VVWWCS follows the progress of four comedians, a handful of special guests, and Vince himself as they perform thirty shows in thirty days across the country. With a description like this, you might be expecting a concert movie in the vein of The Kings of Comedy…and you’d be right. However, it is just as much a documentary about the comedians themselves, the stand-up profession and the nature of fame.
Vaughn is (obviously) the ring leader of this entire operation. He serves throughout the tour as the emcee, spokesman and “name” that gets people into the seats. In fact, the whole thing smells suspiciously like nothing more than a pure ego trip, and yet from start to finish he comes across as refreshingly irreverent and self-deprecating. When he calls in celebrity friends to beef up the show’s sketches, the resulting laughs are always at his own expense (A particular highlight here is when he and Peter Billingsley – the tour’s executive producer and Ralphie from A Christmas Story – act out a scene from the afterschool special they co-starred in nearly twenty years ago). Most impressively, Vaughn turns the spotlight away from himself and onto the four relatively unknown comedians who make up the tour; no small feat when the audience came to the show mainly because of his association with it.

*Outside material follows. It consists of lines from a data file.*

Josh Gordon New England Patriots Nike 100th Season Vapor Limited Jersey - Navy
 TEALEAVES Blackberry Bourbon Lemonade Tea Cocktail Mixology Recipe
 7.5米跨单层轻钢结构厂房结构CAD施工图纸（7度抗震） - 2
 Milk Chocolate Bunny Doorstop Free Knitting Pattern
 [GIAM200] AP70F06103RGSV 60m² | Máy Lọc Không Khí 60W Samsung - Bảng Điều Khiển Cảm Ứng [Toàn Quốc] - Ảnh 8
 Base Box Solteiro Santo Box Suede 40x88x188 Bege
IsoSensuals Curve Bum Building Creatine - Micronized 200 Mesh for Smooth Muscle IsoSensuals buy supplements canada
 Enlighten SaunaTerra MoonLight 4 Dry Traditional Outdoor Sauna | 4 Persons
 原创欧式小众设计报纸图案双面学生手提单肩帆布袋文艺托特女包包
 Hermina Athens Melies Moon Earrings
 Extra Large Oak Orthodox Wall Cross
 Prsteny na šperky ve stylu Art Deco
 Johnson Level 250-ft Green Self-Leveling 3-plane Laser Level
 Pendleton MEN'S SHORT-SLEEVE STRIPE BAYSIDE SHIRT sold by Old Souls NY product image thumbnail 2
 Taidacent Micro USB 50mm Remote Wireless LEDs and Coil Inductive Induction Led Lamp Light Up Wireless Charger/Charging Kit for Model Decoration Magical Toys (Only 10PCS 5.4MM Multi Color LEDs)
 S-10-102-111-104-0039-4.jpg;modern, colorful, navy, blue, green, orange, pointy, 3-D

Vaughn did an excellent job choosing the comedians to accompany him on this journey. Each has a very unique style. There’s the high energy guy (Bret Ernst), the ethnic “holding a mirror to our society” guy (Ahmed Ahmed), the impeccably written material guy (Sebastian Maniscalco), and the dirty “everyman” guy (John Caparulo). Throughout the movie, we are treated to snippets of their respective routines, and there are moments of sincere hilarity from each of them (watch out for Ahmed’s “Egyptian Princess” joke, Ernst’s roller skating routine, Caparulo’s Subway Restaurants bit, and the entirety of Maniscalco’s “standing ovation” scene.) However, for my money the best moments of VVWWCS are when the performers are off-stage, learning lessons about themselves and each other.
These “educational” moments come in two separate ways:
Show Business Tips – Throughout the course of the tour, each of the performers either learns, or imparts, a valuable lesson about the business. For instance, we are allowed to see a performance where Caparulo becomes completely unglued when one audience member heckles him, only to discover that the guy in question was shouting “Fuck Yeah!” instead of the “Fuck You!” that he heard. Vaughn is there to point out that, if you walk onstage expecting a confrontation, you are going to hear one whether it’s actually there or not. At another point, we see a good set from Ernst, follow him offstage where he proceeds to berate himself mercilessly for bombing, and then cut to audience members raving about his performance Ahmed takes us to the jail cell where he was detained for twelve hours in the aftermath of 9/11 simply for being Arab, even as we also hear him use the experience for laughs on stage. And perhaps the most endearing and enduring lesson comes from Maniscalco, when he discusses his plans for immediately after the tour ends.
Family Interviews – Time is spent with each of the four comedians’ families at various points in the movie. Through these interactions, we are given enormously revealing insights into who these people are, and why they do what they do. In this way, a bit about a gay older brother suddenly becomes a loving memorial to a deceased sibling, and the notion of telling jokes for a living all at once is a means to an end, be it financial security, the idea of a sacrifice deemed worthwhile, or the ability to be redeemed in the eyes of disapproving parents.
For all of the great things packed into VVWWCS, there are some miscues, most notably the decision to add “relevance” to the proceedings. The fact is that this tour coincided directly, both geographically and in timeline, to hurricanes Katrina and Rita. This could have been overlooked, but instead the producers decided to bang it over our heads. The performers complain that they’re headed directly into the storm’s path, the producers kick up a fuss making sure everyone knows that a few of the performances have been turned into benefit shows, and cameras are brought into a relief shelter so the comedians can hand out tickets refugees from the storm. Intellectually, I understand that the filmmakers are going for a “laughter can help even the most dire of situations” message, but it still felt forced and unnecessary in a film that was not meant for deeper meanings.
Overall though, VVWWCS is a great experience, and a worthwhile trip. Vaughn does a terrific job setting the stage for his co-performers’ successes, and the emotion on their faces when the tour (and the movie) is over is real and palpable. You won’t walk away from the movie likewise moved, but you will walk away with a huge smile on your face. What more can you ask from a movie fronted by a (former) asshole?